We've mentioned data frames quite a few times now. But let’s dive into what they are. Data frames are two-dimensional structures with rows and columns enabling a table like structure to be formed. The columns are generally referred to as column names whereas the rows are referred to as indices. Column to column there can be different types of dataframes. There is no requirement or constraint that a data frame can only hold one type of data type. Additionally, you don’t have to make special adjustments to the alignment of the data when trying to do certain operations. Pandas automatically conduct the alignment. With indexing, there are two important functions when it comes to indexing. One way is using the df.loc() function. This will be able to take in and return either a single row, set of rows, a single cell, or a group of cells. For example,”firstRow = df.loc[1] returns data corresponding with the data with the row index 1. “ df.loc[[1,4]] returns data with the row index of 1 and 4. df.loc[1,’Name’] would give a single cell with the row index of 1 and column as ‘Name’. FirstGroup = df.loc[[1, 3], ['Name', 'Age']] would give cells with the row index 1 or 3 and column of Name and Age.
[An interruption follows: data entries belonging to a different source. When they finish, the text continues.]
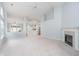 Spacious living room with fireplace, neutral carpet, and an open layout to the kitchen at 12698 Whisper Way, Fishers, IN 46037
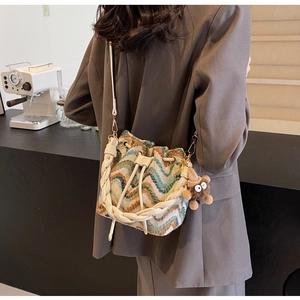 Detalle de bolso tipo cubo de punto ondulado con cordón y colgante de osito de peluche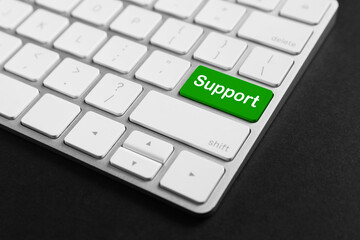 Technical support. Computer keyboard with word on green button, closeup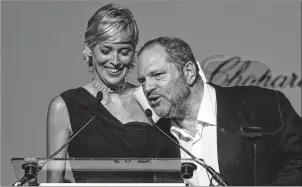  ?? AP PHOTO ?? In this 2009 file photo, American actress Sharon Stone looks on as American producer Harvey Weinstein speaks at the amfAR Cinema Against AIDS benefit during the 62nd Cannes Internatio­nal film festival, in Antibes, southern France.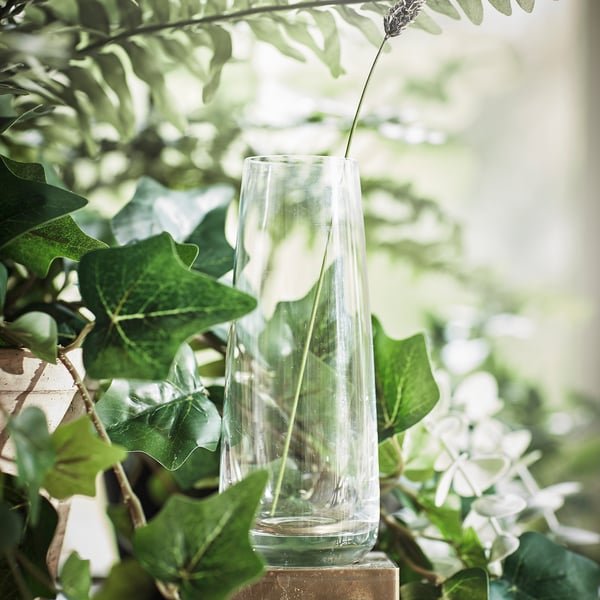 Heldere glazen vaas met een enkele witte bloem, omgeven door groene bladeren.
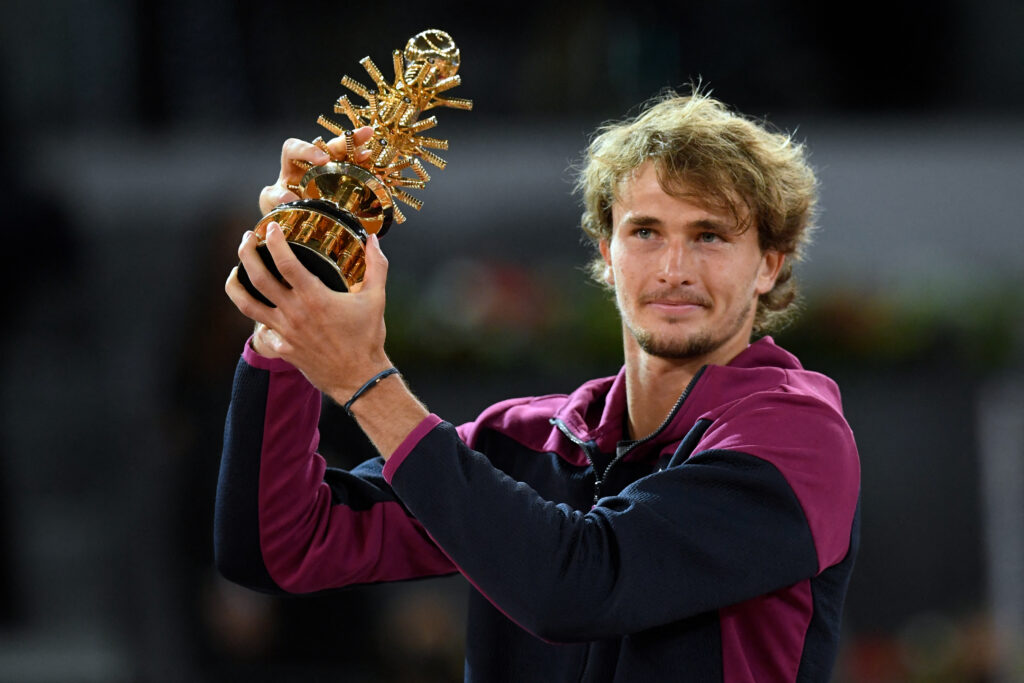 Germany's Alexander Zverev holds up the winner's trophy after beating Italy's Matteo Berrettini during their 2021 ATP Tour Madrid Open tennis tournament singles final match at the Caja Magica in Madrid on May 9, 2021.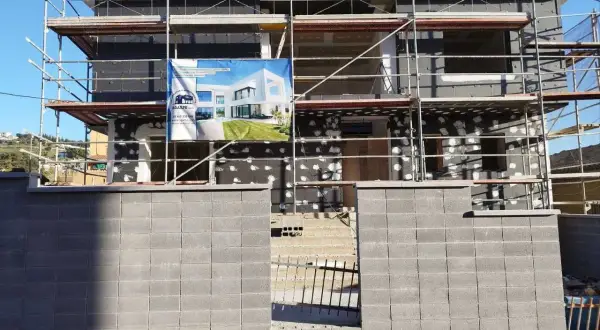 Edificio en construcción con andamios. Un cartel muestra un diseño moderno, quizás para una **ley propiedad horizontal sate**.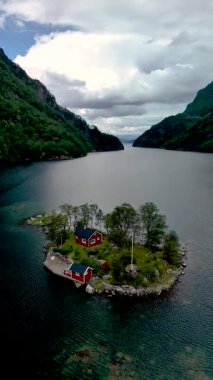Norveç 'teki Lovrafjorden' in göz kamaştırıcı güzelliğini deneyimleyin, sakin suları ve yemyeşil yeşilliklerle çevrili güzel kırmızı bir adaya sahip. Doğa aşıkları ve gezginleri için ideal..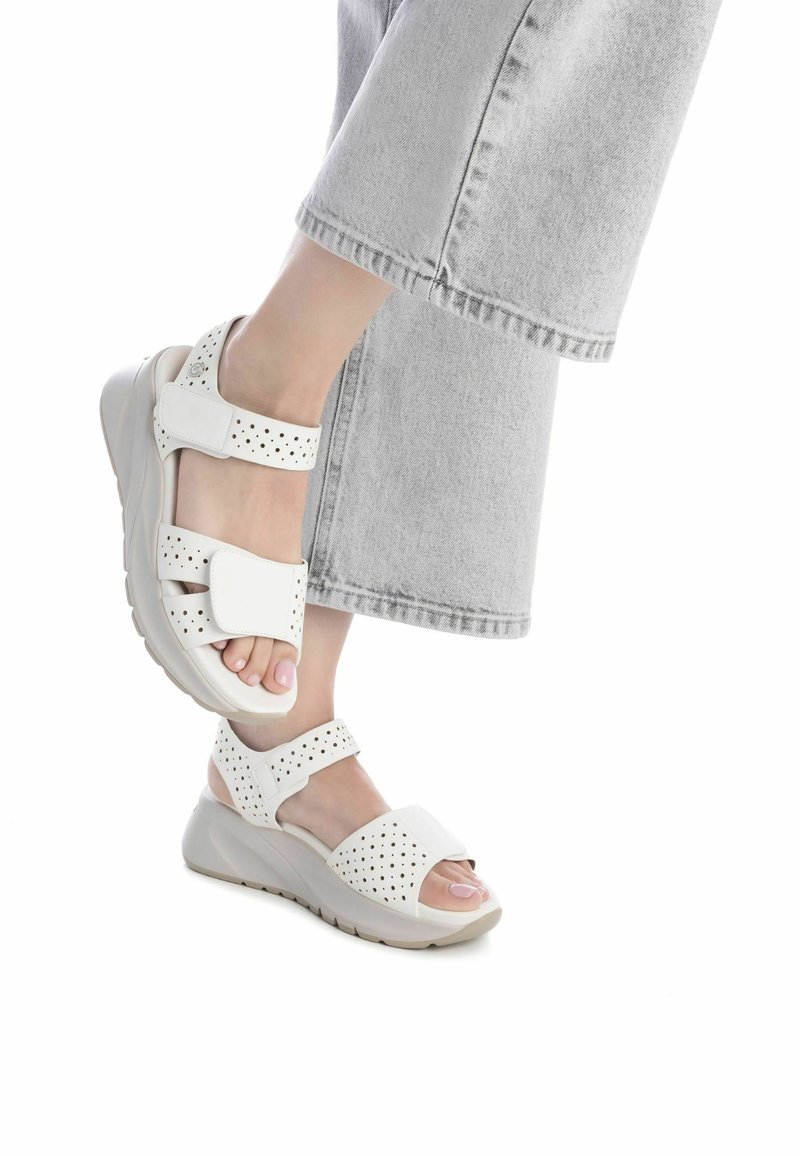 Sandalias de cuña blancas con correas perforadas, cierres ajustables en el tobillo y en la parte delantera del pie, y suela acolchada, mostradas con pantalones anchos grises.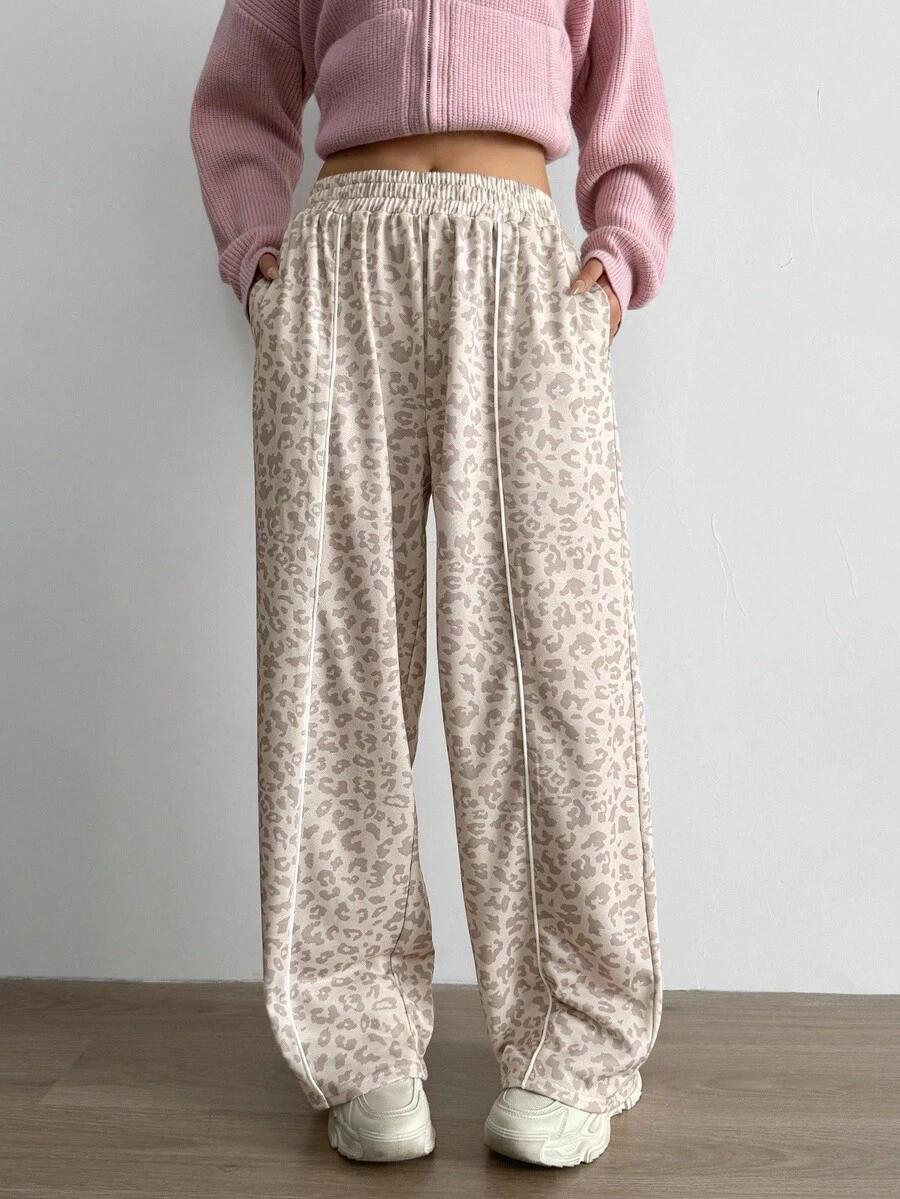 BEŻOWE SPODNIE DRESOWE ANIMAL PRINT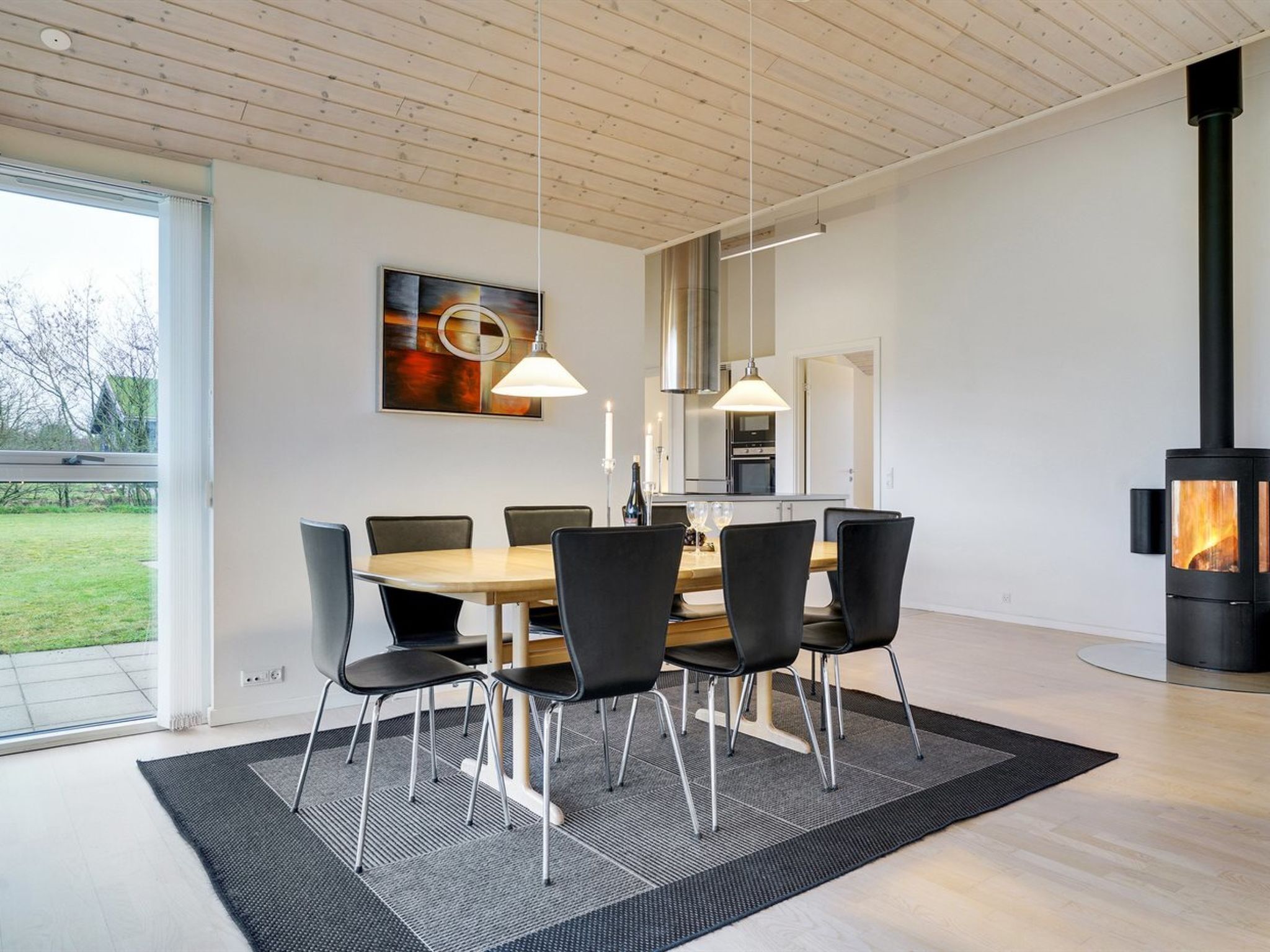 Ett modernt matområde med ett träbord och stolar, en hängande lampa och en svart spis.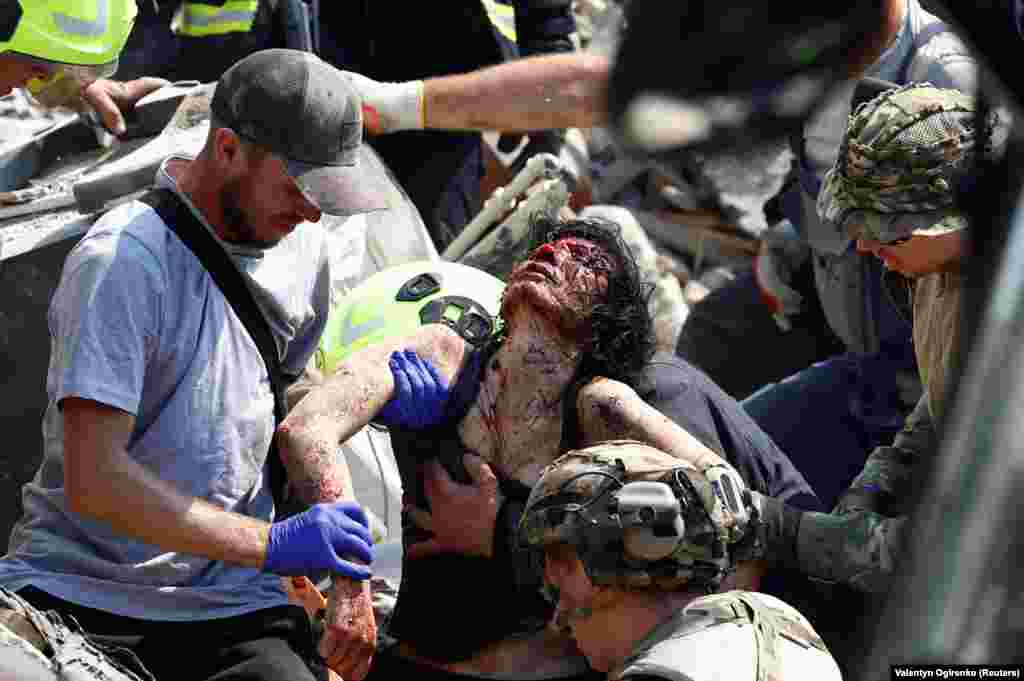 Rescuers remove an injured woman from the rubble.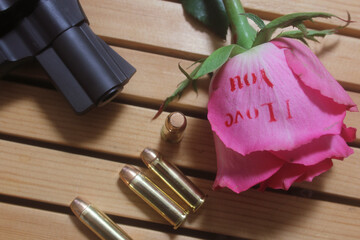 Vintage Gun With Bullets and Rose. Revolver and Ammunition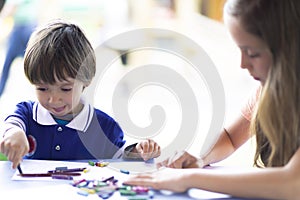 Cute Girl and Boy Sitting at his Desk Painting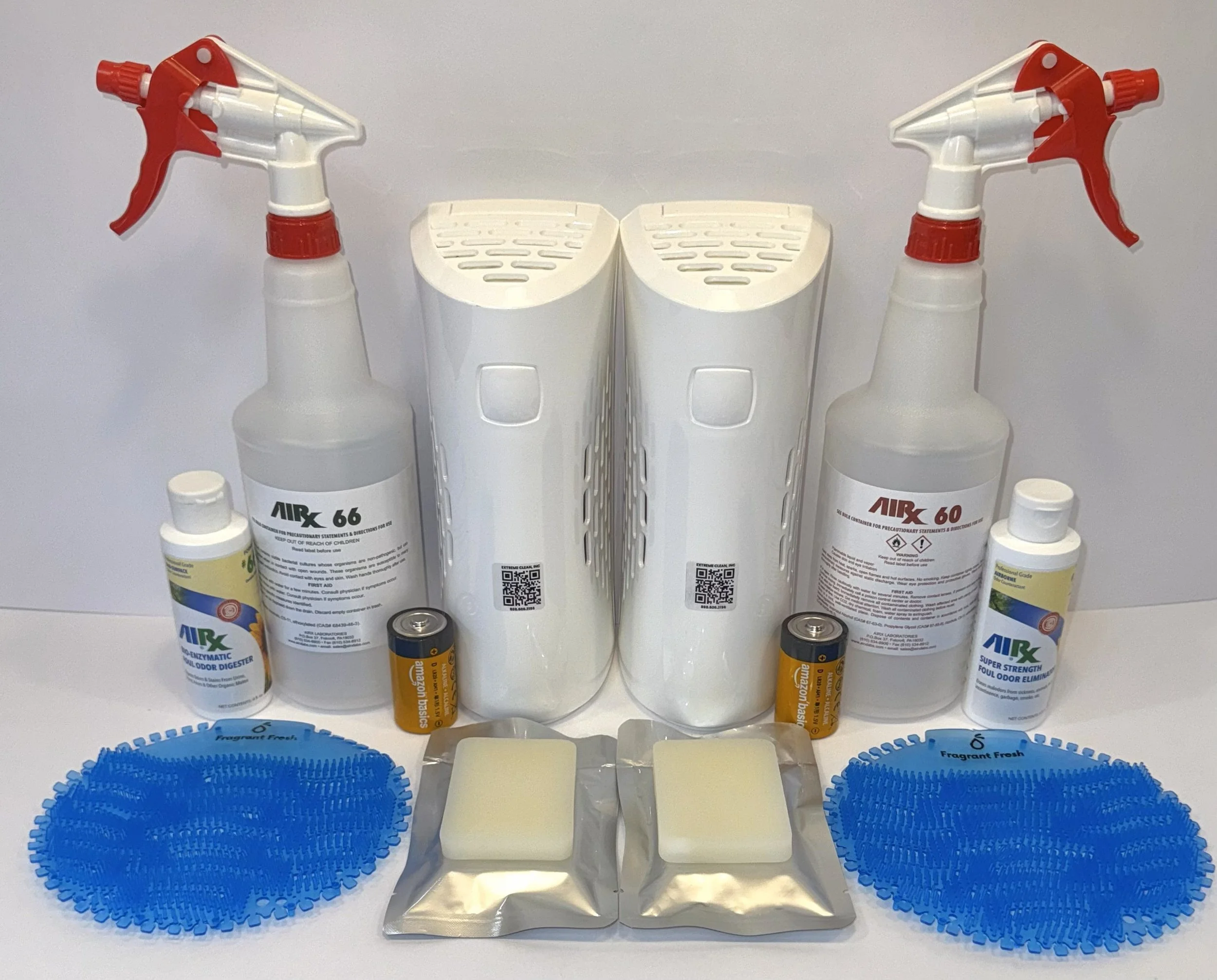 Cleaning supplies including spray bottles labeled AIRX 66, two blue microfiber cloths, two white soap bars in silver wrappers, two small bottles of AIRX disinfectant, two AA batteries, and other cleaning products arranged on a white surface.
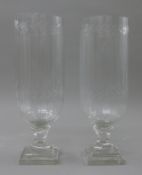 A pair of cut glass storm lamps. 34 cm high.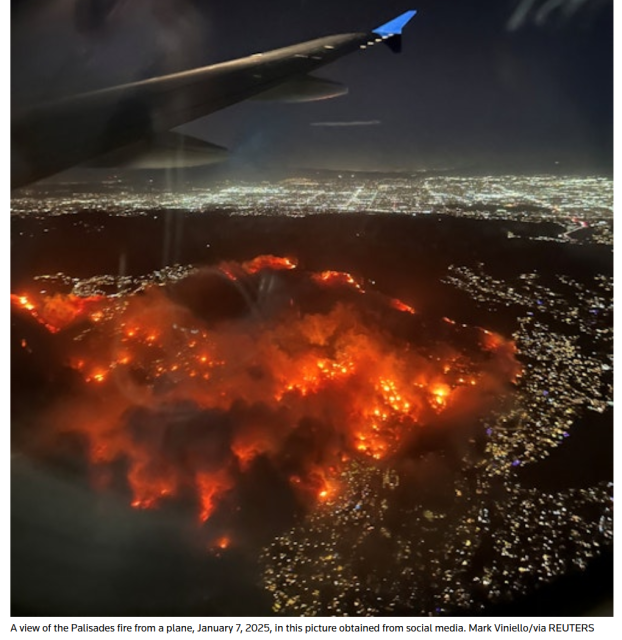 A view of the Palisades fire from a plane, Jan 7 2025, in this picture obtained from Social Media, Mark Viniello via Reuters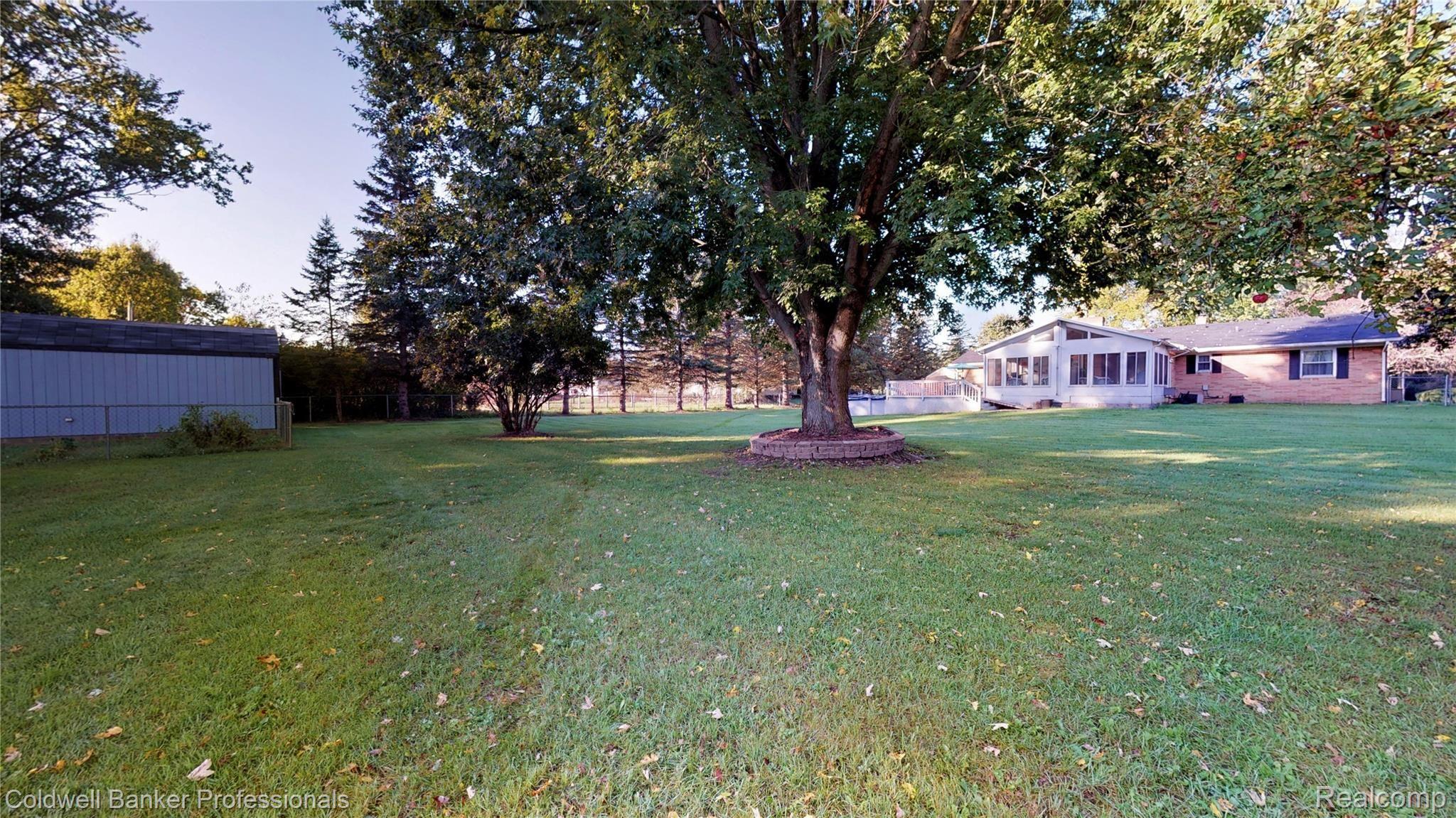 260 North Tipsico Lake Road Highland, MI 48357 - Photo 28 of 33 Back yard 1.jpg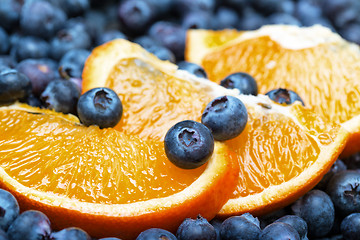 Image showing Freshly picked blueberries with orange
These same aspects can also be identified with the df.iloc() function. df.iloc[1] will return the data corresponding with the row index 1, df.iloc[[1,4]] returns data with the row index 1 and 4. df.iloc[1,4] returns data in the row corresponding with the row index 1 and the column corresponding with the column index 4. iloc takes integer-based indexing and loc does column label-based indexing. That concludes our lesson on dataframes and indexing. Thanks for tuning in.